As annoying as this must be for them, it could be worse. I worked on an electronic health records system for a couple years, and the state required EHRs to synchronize pediatric vaccination records with their vaccination database, using name dob county of birth as the patient identification. We ran into a case where the vaccination records got merged for two patients with the same name and birthdate/place. The only reason it was caught was because one of the mothers had kept careful track of the medical records herself, and noticed the discrepancy while talking to the doctor. If she hadn't the doctor would have assumed the baby had already had the vaccination. I hate to think how common this kind of thing might be, without anyone even knowing. It's one thing to have the sorts of problems described in the article. It's a whole new level of terrible when you consider that doctors are making medical decisions impacting your health and life based on records that could be mixed with somebody else's, and you would never know, since patients don't ever look at their own chart.
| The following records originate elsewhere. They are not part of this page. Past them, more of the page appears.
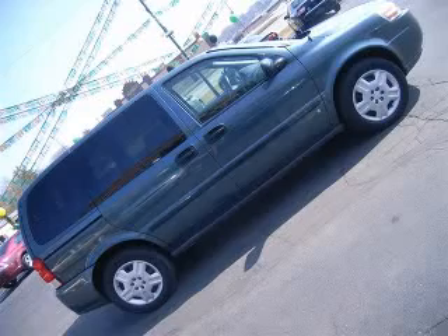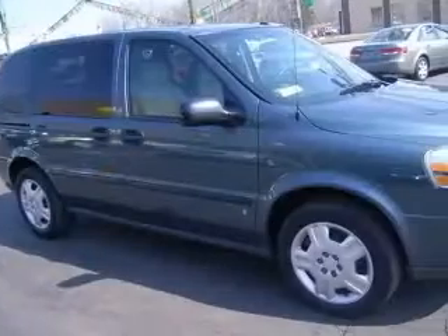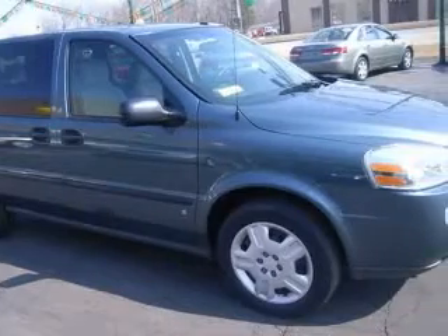We are proud to present this excellent 2007 Chevrolet Uplander. This Uplander has a 3.9L V6 engine and an automatic transmission.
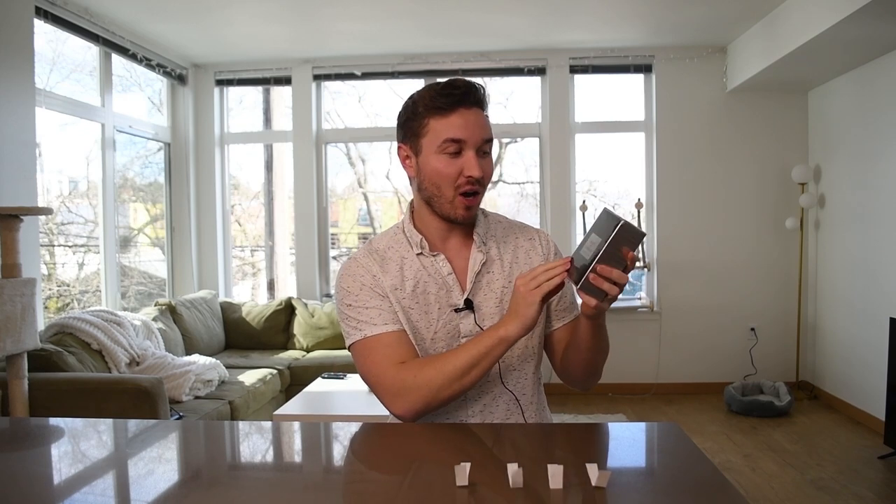What's going on everybody? Super excited for today's video. We're going to be unboxing and reviewing Mason Alhambra's Bleu de Chance Eau de Parfum. So for those of you who don't know,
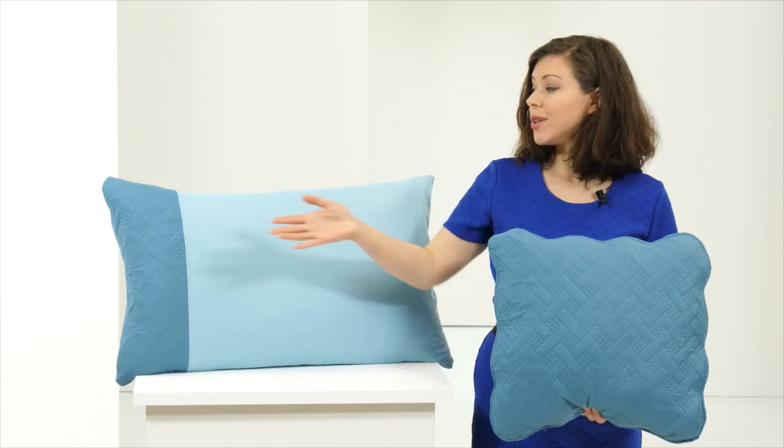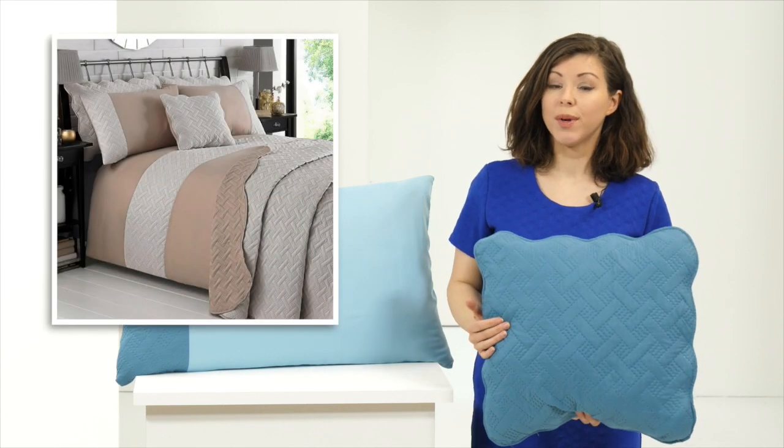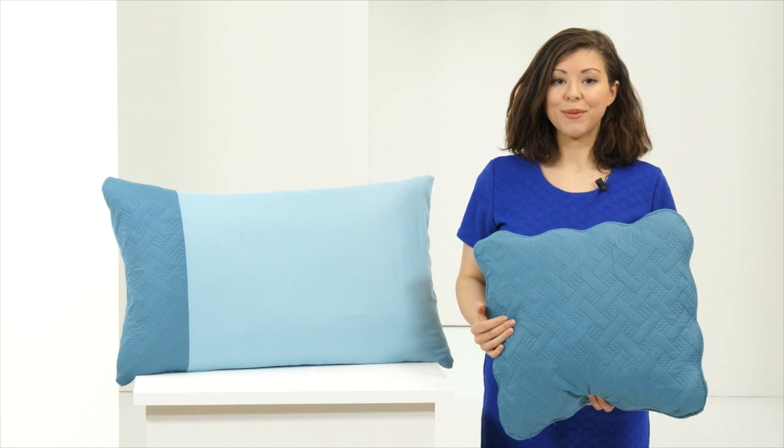It's all made with 100% peach feel microfiber which is of course machine washable. This one is the teal and duck egg. It's also available as a taupe and as a grey. They're all available right now so get yours today.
Having worked in ticket entry I am not super surprised because sometimes it was hard to tell different people's records apart, but it seems like they aren't even trying. How the hell does anyone figure that in that dense of a population there is only one person with a common name like that?
The police department would be the ones at fault with the tickets as they would do the entry and be the ones picking the wrong record. The DMV can only work with what they are given. We had a person whose job it was to untangle these sorts of issues. My personal experience says blame the officers, their handwriting is shit. Possibly New York's ticket form is lacking some fields that would help differentiate who's who as well.